-
Notifications
You must be signed in to change notification settings - Fork 1
Codelists
!! Needs updating following recent discussions on codelists with Swirrl.
!! This section may change depending on discussion at https://github.com/GSS-Cogs/gss-utils/issues/210.
- All dimensions should have an associated codelist.
- Wherever possible, official codelists and codes defined by official bodies should be adopted to facilitate the linkage of data. URIs should be re-used when referring to the same concept.
A default codelist is generated from the data cube for any dimensions where the user has not explicitly provided their own separate codelist. Additional metadata is added to the CSVW
which defines a skos:ConceptScheme
and its entries.
A local codelist is provided by the user in separate .csv
file alongside the data cube. The user is able to provide additional metadata about these codes.
An external codelist is defined independently of the data cube. Statisticians who closely collaborate on subject matters may define a set of codelists they will adhere to as part of their data governance strategy. Since these are published independently of any data cubes we could consider these to also be external.
An external codelist can only be adopted if strictly adhered to by the user. The user must only use codes from the codelist and must not create any bespoke codes.
If a user primarily adopts an external codelist but also supplements their own bespoke codes they should create a new codelist containing both the codes from the external codelist which they have adopted but also their own bespoke codes. This is referred to as a mixed codelist. A mixed codelist combines concepts from across different local and external codelists into a single scheme.
The following attributes can be specified by the user. The approach to assigning a codelist is dependent on the combination and quantity of attributes specified.
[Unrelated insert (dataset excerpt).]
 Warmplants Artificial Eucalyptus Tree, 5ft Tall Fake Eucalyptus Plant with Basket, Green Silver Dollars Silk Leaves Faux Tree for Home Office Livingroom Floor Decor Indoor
attribute | type | description |
---|---|---|
[CODELIST_URI] |
URI | must match the string contained in the column header in the .csv being described. |
[CODELIST_CSV] |
string | one of dimension , measure , measure_dimension , measure_value or attribute . |
[CODELIST_TITLE] |
string | a human-readable title for the codelist. |
[CODELIST_DESCRIPTION] |
string | a human-readable description for the codelist. |
Where the user has not explicitly provided a [CODELIST_URI]
, one is generated during processing of the data cube .csv
file.
[CODELIST_URI] = [DATACUBE_URI]#codelist/[KEBAB_NAME]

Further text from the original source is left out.